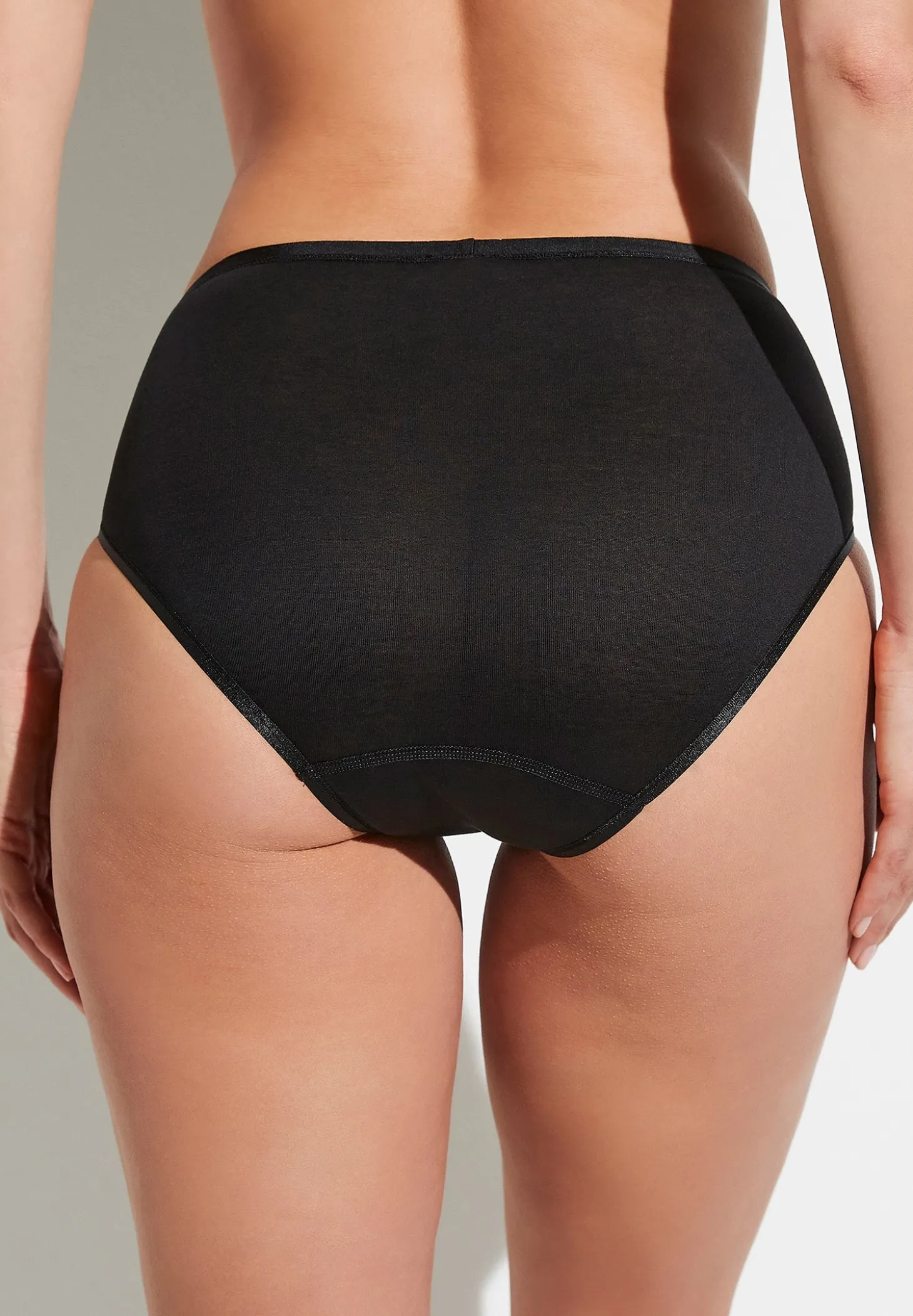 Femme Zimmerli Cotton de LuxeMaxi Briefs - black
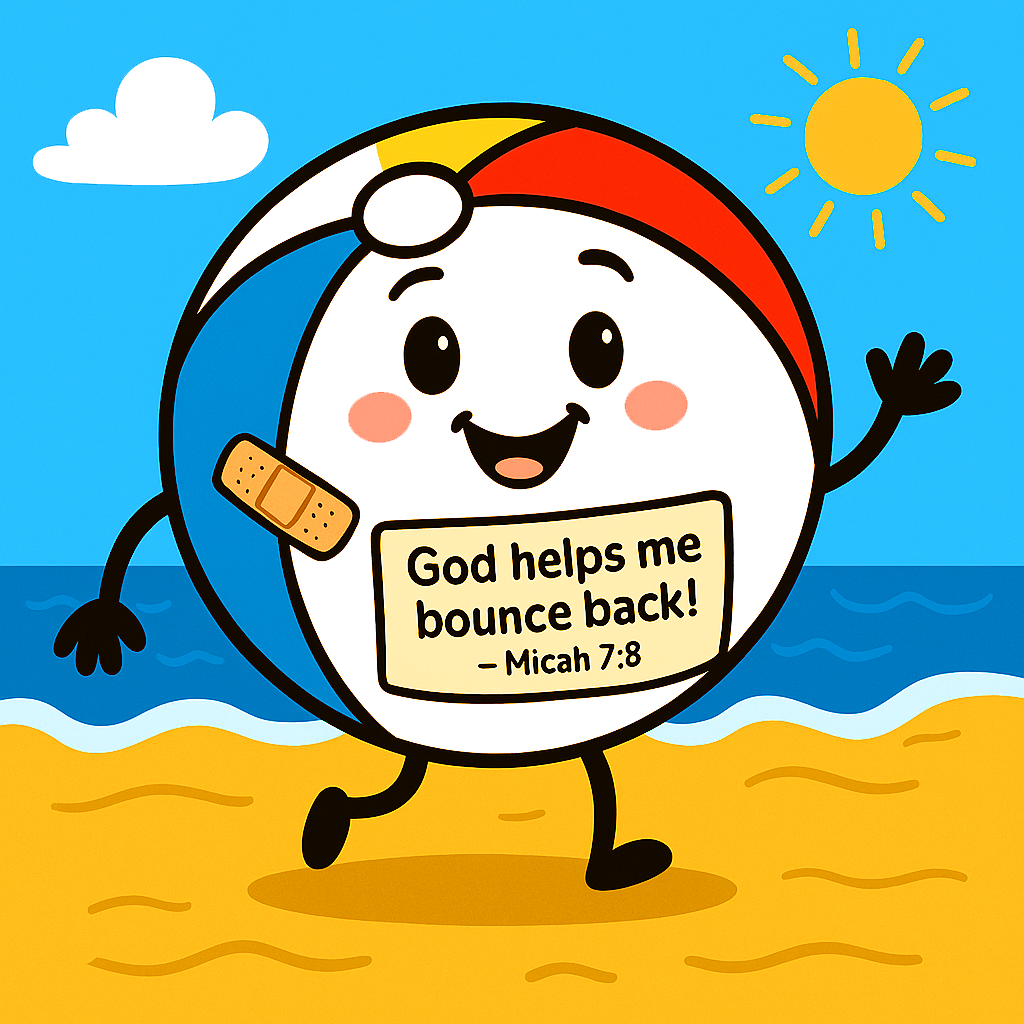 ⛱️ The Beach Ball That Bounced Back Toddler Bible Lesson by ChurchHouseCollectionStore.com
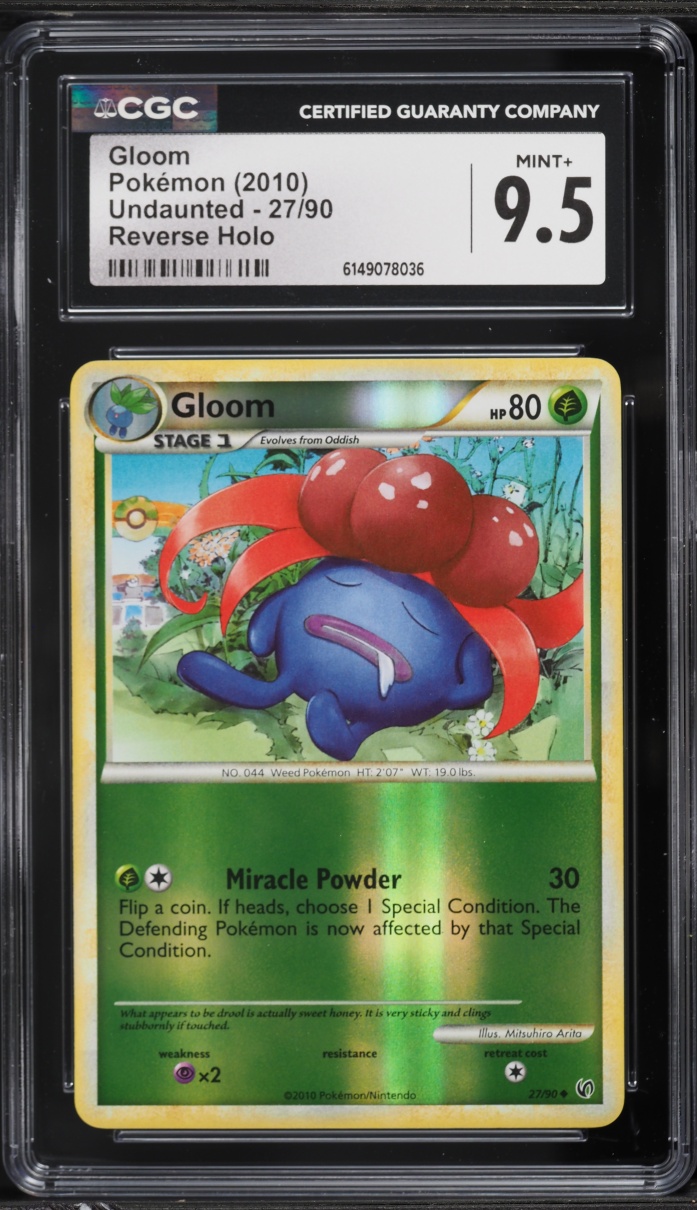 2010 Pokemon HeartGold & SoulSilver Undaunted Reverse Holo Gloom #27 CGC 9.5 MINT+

============================================================

• _TASK STATEMENT_
Would you return the whole listing above exactly as written, skipping any image?

• _TASK RESPONSE_
 Femme Zimmerli Cotton de LuxeMaxi Briefs - black
 ⛱️ The Beach Ball That Bounced Back Toddler Bible Lesson by ChurchHouseCollectionStore.com
 2010 Pokemon HeartGold & SoulSilver Undaunted Reverse Holo Gloom #27 CGC 9.5 MINT+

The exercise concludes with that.